» **EXERCISE INPUT**
......
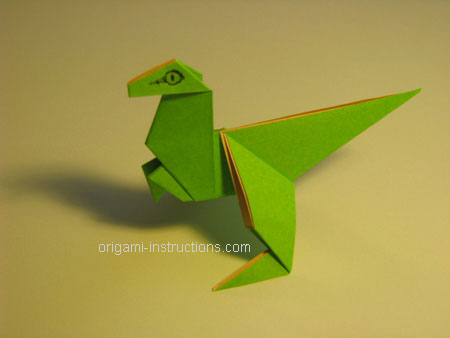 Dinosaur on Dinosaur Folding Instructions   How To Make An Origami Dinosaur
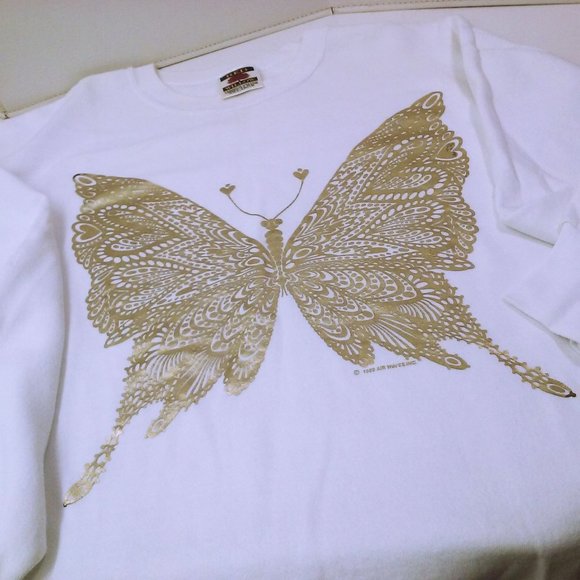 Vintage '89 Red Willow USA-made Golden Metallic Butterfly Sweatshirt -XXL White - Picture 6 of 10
......
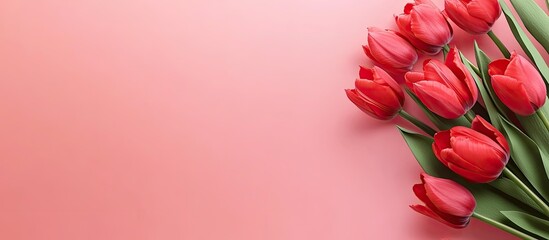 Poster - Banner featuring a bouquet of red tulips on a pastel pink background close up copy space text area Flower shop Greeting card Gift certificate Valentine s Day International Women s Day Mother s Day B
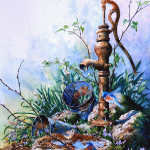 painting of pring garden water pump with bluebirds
......
» **EXERCISE DIRECTIONS**
Among the entries above, find the line with "Poster - Banner" and repeat exactly from there through the line with "painting of pring", leaving out the pictures.

» **OUTPUT FOR THIS TASK**
 Poster - Banner featuring a bouquet of red tulips on a pastel pink background close up copy space text area Flower shop Greeting card Gift certificate Valentine s Day International Women s Day Mother s Day B
 painting of pring garden water pump with bluebirds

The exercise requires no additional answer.